Give an exact copy of the lines from the beginning of the listing below to the "filling up cup" line, inclusive.
-- -- --
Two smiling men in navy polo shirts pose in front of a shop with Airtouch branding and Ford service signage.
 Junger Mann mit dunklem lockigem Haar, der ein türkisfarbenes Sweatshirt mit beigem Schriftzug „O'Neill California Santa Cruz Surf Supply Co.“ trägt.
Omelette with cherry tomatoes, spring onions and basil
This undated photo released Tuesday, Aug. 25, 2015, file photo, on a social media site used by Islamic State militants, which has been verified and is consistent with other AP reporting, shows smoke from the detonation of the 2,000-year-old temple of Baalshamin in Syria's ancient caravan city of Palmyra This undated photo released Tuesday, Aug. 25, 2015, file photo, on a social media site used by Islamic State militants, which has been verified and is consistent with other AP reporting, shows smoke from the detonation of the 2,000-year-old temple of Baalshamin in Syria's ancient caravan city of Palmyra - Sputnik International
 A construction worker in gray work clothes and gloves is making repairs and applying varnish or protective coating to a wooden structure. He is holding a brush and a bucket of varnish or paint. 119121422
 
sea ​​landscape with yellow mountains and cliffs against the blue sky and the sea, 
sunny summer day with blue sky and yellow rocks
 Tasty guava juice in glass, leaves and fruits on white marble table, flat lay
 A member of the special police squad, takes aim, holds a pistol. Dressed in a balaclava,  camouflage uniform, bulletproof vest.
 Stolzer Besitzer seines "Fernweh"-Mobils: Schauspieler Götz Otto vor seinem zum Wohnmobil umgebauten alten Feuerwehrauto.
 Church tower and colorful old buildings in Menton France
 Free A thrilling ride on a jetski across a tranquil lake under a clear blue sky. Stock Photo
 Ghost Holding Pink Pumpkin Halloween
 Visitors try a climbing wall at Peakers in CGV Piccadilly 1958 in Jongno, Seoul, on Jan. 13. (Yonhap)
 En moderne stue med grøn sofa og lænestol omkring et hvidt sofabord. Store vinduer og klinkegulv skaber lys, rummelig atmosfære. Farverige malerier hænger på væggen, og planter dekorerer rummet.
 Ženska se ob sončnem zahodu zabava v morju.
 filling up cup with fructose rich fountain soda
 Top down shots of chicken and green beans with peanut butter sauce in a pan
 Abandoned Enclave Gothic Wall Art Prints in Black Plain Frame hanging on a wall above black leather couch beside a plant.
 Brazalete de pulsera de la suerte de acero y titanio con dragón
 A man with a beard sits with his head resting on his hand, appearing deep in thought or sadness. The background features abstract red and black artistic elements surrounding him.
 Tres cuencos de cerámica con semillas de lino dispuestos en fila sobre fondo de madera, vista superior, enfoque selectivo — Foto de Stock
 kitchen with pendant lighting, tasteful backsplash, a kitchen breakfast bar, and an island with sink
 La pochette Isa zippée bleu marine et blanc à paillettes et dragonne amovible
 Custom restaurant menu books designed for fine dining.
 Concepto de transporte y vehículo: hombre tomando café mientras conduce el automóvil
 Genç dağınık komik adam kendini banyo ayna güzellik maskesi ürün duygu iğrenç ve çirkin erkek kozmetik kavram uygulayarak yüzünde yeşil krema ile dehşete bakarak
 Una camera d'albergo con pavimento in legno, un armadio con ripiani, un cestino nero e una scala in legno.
-- -- --
◆ REPLY:
Two smiling men in navy polo shirts pose in front of a shop with Airtouch branding and Ford service signage.
 Junger Mann mit dunklem lockigem Haar, der ein türkisfarbenes Sweatshirt mit beigem Schriftzug „O'Neill California Santa Cruz Surf Supply Co.“ trägt.
Omelette with cherry tomatoes, spring onions and basil
This undated photo released Tuesday, Aug. 25, 2015, file photo, on a social media site used by Islamic State militants, which has been verified and is consistent with other AP reporting, shows smoke from the detonation of the 2,000-year-old temple of Baalshamin in Syria's ancient caravan city of Palmyra This undated photo released Tuesday, Aug. 25, 2015, file photo, on a social media site used by Islamic State militants, which has been verified and is consistent with other AP reporting, shows smoke from the detonation of the 2,000-year-old temple of Baalshamin in Syria's ancient caravan city of Palmyra - Sputnik International
 A construction worker in gray work clothes and gloves is making repairs and applying varnish or protective coating to a wooden structure. He is holding a brush and a bucket of varnish or paint. 119121422
 
sea ​​landscape with yellow mountains and cliffs against the blue sky and the sea, 
sunny summer day with blue sky and yellow rocks
 Tasty guava juice in glass, leaves and fruits on white marble table, flat lay
 A member of the special police squad, takes aim, holds a pistol. Dressed in a balaclava,  camouflage uniform, bulletproof vest.
 Stolzer Besitzer seines "Fernweh"-Mobils: Schauspieler Götz Otto vor seinem zum Wohnmobil umgebauten alten Feuerwehrauto.
 Church tower and colorful old buildings in Menton France
 Free A thrilling ride on a jetski across a tranquil lake under a clear blue sky. Stock Photo
 Ghost Holding Pink Pumpkin Halloween
 Visitors try a climbing wall at Peakers in CGV Piccadilly 1958 in Jongno, Seoul, on Jan. 13. (Yonhap)
 En moderne stue med grøn sofa og lænestol omkring et hvidt sofabord. Store vinduer og klinkegulv skaber lys, rummelig atmosfære. Farverige malerier hænger på væggen, og planter dekorerer rummet.
 Ženska se ob sončnem zahodu zabava v morju.
 filling up cup with fructose rich fountain soda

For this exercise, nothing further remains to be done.